I’ve always kind of suspected that this is due to people following the pattern the publishers create. Publishers provide detailed campaign backstories, and that’s what DMs tend to create. Publishers don’t provide detailed descriptions of actual play, so people tend not to make those things. DMs tend to act like little publishers – they create setting material for the players to consume.

We’ve got to get with the program here people! Valuable info is being wasted!

Basic Notes on Characters

How many times have you asked a player what their AC is? Or the DC of a saving throw? Do you track how many hit points they have? What about their alignments?

Start your notetaking career by getting some basic info about your characters recorded.

You can use this information between sessions to help prepare future encounters. Knowing things like the health and maximum and minimum (with Take 10 and Take 20 figured in) skill rolls can help scope challenges.

You may want to make some of your notes “authoritative”. Your notes, not the players’ are the true record of the game. For example, you can track your character’s hitpoints instead of the players. Giving them exact totals is your option. You may just tell them they “need some healing” when they start to get low. This also solves the problem of players who “forget” to note damage inflicted on their PCs, or who “misunderstand” how many hitpoints they regain from healing spells and potions.

Notes On Play

As the session unfolds, make a running series of notes. Keep track of things like how many of each type of monster the PCs overcome. You might want to keep a running total of things like the most damage a given PC deals in a single round – the kinds of things that could shape the challenge of future encounters (there’s nothing worse than when a PC one-shots the Big Monster!)

Write down the names of anything you give a name to as you play – these can become recurring NPCs and add to the sense of immersion the players have. Even if that entity subsequently dies, something (or someone) else might reference it in the future – the “Grendel’s Mother” effect.

Pay special attention to summonings. Any time a character summons anything with a reasonably high Intelligence score, make a note.
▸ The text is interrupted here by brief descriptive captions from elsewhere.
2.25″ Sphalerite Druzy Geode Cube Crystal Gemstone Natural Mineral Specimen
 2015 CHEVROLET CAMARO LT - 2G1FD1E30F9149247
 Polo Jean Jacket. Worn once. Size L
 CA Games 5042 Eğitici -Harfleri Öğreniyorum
That being has a backstory, and it will certainly care about some dungeon delving, thrill seeking adventurer pulling it out of whatever life it was leading into a raging battle without notice or even a by-your-leave. The more powerful (and more intelligent) the summoned creature is, the more likely it is to have the ability to return to the summoner at a later date and “discuss” this experience.

Make a note whenever the characters find a body. Many scenarios assume that the PCs are not the first adventurers to explore the area. If word spreads of their deeds, family members of the deceased may seek out the PCs to inquire about the fate of their loved ones. This can lead to interesting roleplaying, or even to side quests or major plot developments. And in a world where powerful magic is real, getting that body back may mean the family can bring the dead back to life. Its gruesome to think about, but dead adventurer bodies are a form of “treasure” and it might be worthwhile to carry them out to civilization on a regular basis…

Make a note if a creature encounters the PCs and flees. Many challenges that characters face are not stupid and if unprepared, surprised, or overwhelmed, they should run away. That creature will be more ready to face the PCs next time – it may have seen some of their spells & abilities in the first encounter and be ready to cope on a rematch. Since fireball is such a common tactic, have intelligent monsters subjected to one get some fire resistance for Round 2!

Make a note about encounters the PCs bypassed. They may not have time to explore every passage leading from a given area, or miss a secret door, or not be able to bypass a lock or an illusion. Knowing what they missed is as important as knowing what they encountered.

Make a note about the path not taken. The PCs may be surprised at what comes out of the hallway or door they didn’t explore. You can have the PCs get “trapped” in between two opponents – even a small force coming on the party from behind can become a major scare especially if they aren’t paying attention or are resource depleted from combat.

Consolidating These Notes

Between sessions take some time to work your notes into a coherent report on what happened in the session. These records of “Actual Play” can become invaluable especially if the campaign has to take a hiatus. Absent players will also appreciate being able to get briefed on (suitably redacted) information on the sessions they missed.

You can also use these notes in conjunction with your quest to figure out Who is Sitting At Your Table. Look for trends – are the player psychographics emerging, or remaining opaque?

If you are playing a smaller game system, the publisher would probably love to have access to your records of Actual Play. One of the hardest things about being a roleplaying game publisher is knowing how your product is used for its intended purpose (gaming) as opposed to as literature to be read and debated by those who may never have actually used it.

I highly recommend using a wiki to keep your notes organized. There are several services available that will set you up with a wiki and administer it for you if you don’t want to do the setup and maintenance yourself.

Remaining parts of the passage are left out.